Organisasi Kesehatan Dunia menetapkan pedoman bahwa orang tidak boleh menghirup lebih dari 5 mikrogram materi partikulat halus per meter kubik udara, secara rata-rata, sepanjang tahun. Badan Perlindungan Lingkungan Amerika Serikat baru-baru ini mengusulkan untuk mengencangkan standarnya dari 12 menjadi 9 mikrogram per meter kubik.

Beberapa oase udara bersih yang memenuhi pedoman Organisasi Kesehatan Dunia sebagian besar berada di pulau-pulau, serta di Australia dan negara-negara Eropa utara seperti Finlandia dan Estonia. Dari negara-negara yang tidak mencapai standar, di mana sebagian besar populasi manusia tinggal, negara-negara dengan kualitas udara terburuk sebagian besar berada di Asia dan Afrika.

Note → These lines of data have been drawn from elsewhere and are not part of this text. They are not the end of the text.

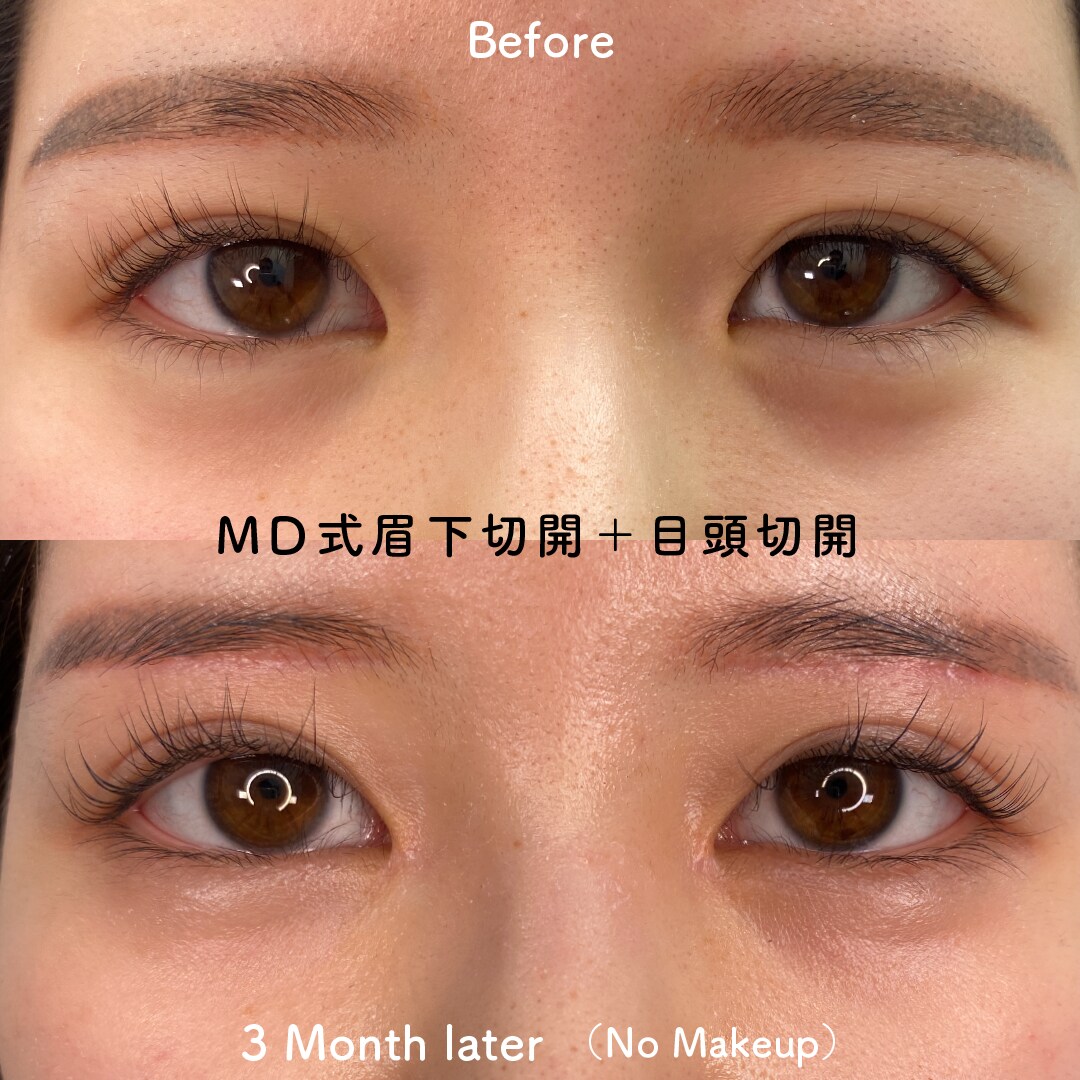 MD式眉下切開+目頭切開の症例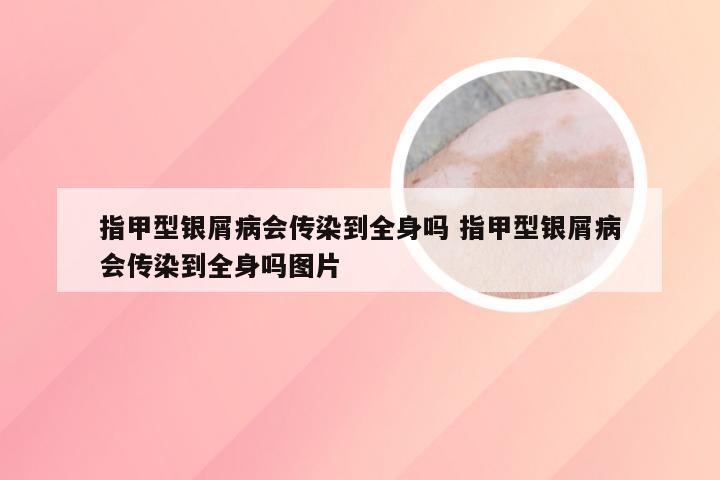 指甲型银屑病会传染到全身吗 指甲型银屑病会传染到全身吗图片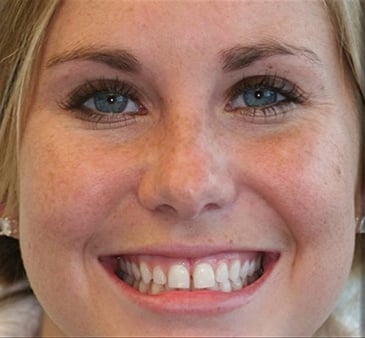 Before dental bonding 
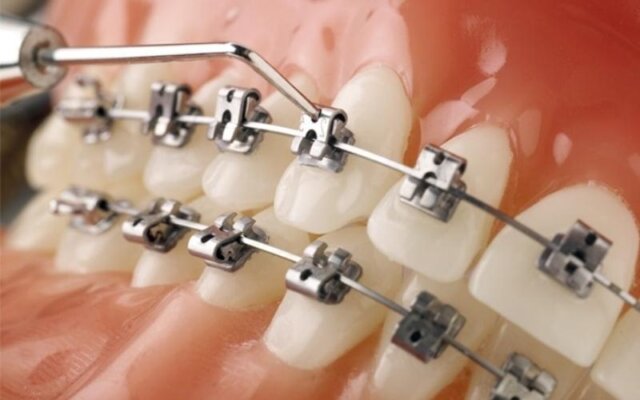 Ưu nhược điểm của niềng răng mắc cài tự đóng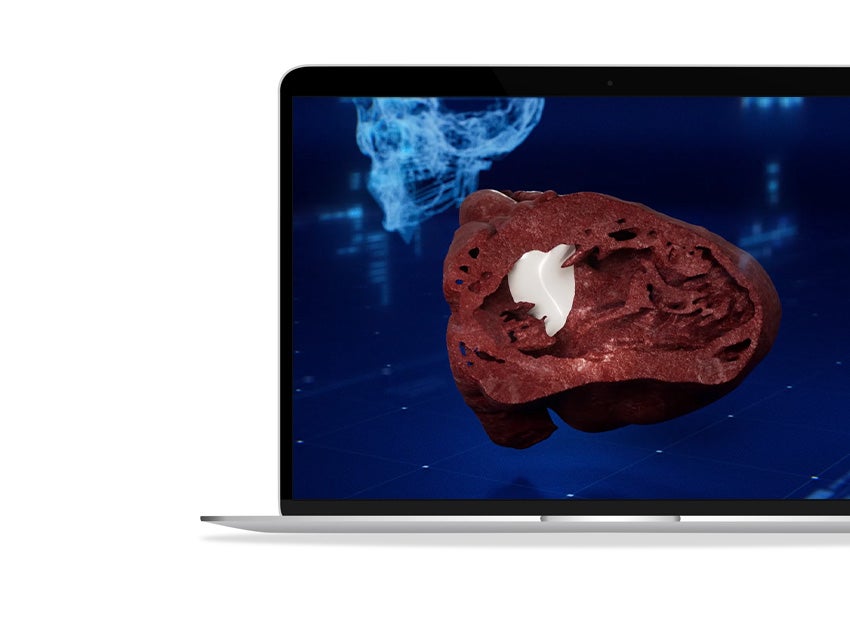Split-section view of a virtual 3D anatomical heart model shown on a laptop screen.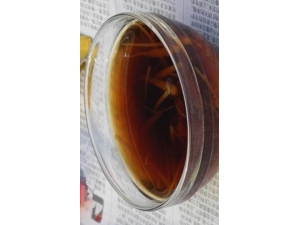 ��ĸ�ݵ���������Ѫ���� ��ĸ�ݵ�������ô��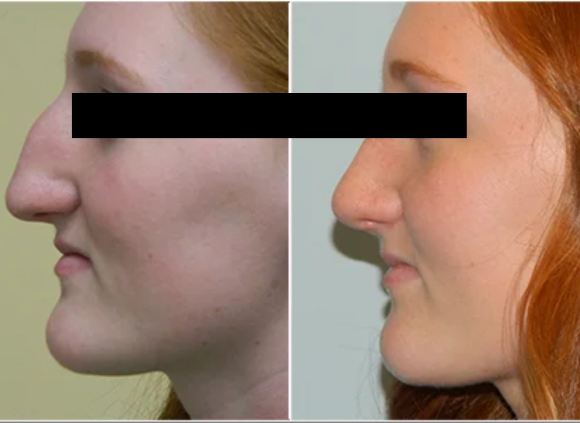 Rhinoplasty Surgery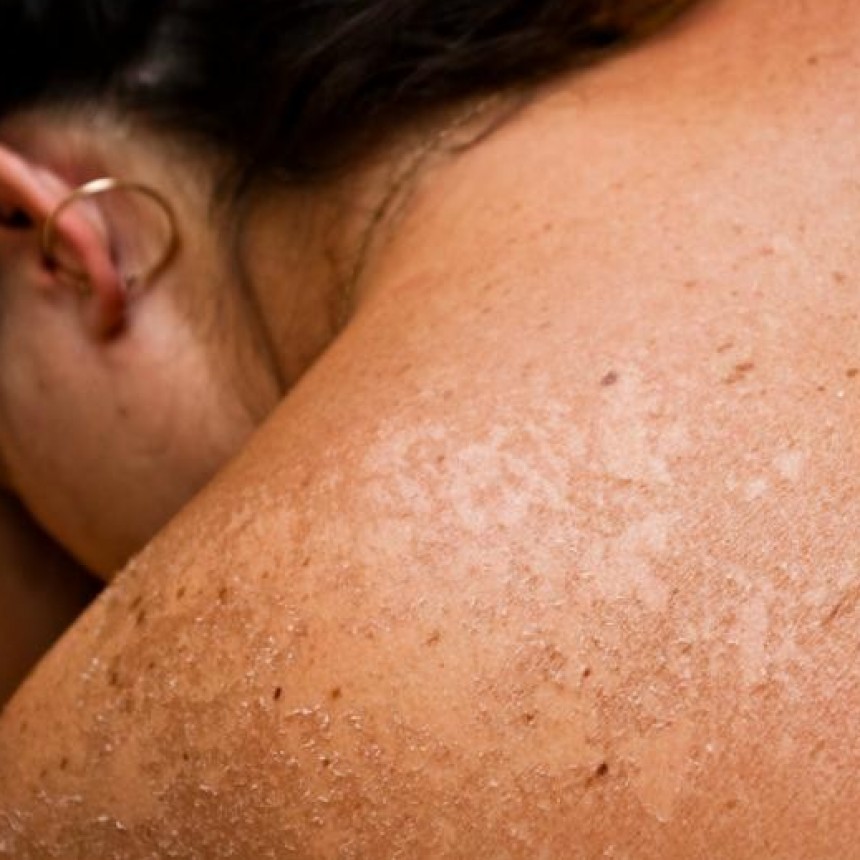 Lalcec Luján recomienda cuidar la piel para evitar el cáncer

Negara-negara paling tercemar dalam peringkat IQAir untuk tahun 2023 — Bangladesh, Pakistan, India, dan Tajikistan — berada di Asia Selatan dan Tengah. Sensor kualitas udara di hampir sepertiga kota-kota di wilayah tersebut melaporkan konsentrasi materi partikulat halus yang lebih dari 10 kali lipat dari pedoman WHO. Ini adalah proporsi “jauh melebihi wilayah lainnya,” tulis para penulis laporan tersebut.

Peneliti menunjukkan lalu lintas kendaraan, emisi batu bara dan industri, terutama dari loji bata, sebagai sumber utama polusi di wilayah tersebut. Petani yang membakar limbah tanaman mereka secara musiman turut menyumbang pada masalah ini, demikian juga rumah tangga yang membakar kayu dan kotoran untuk pemanas dan memasak.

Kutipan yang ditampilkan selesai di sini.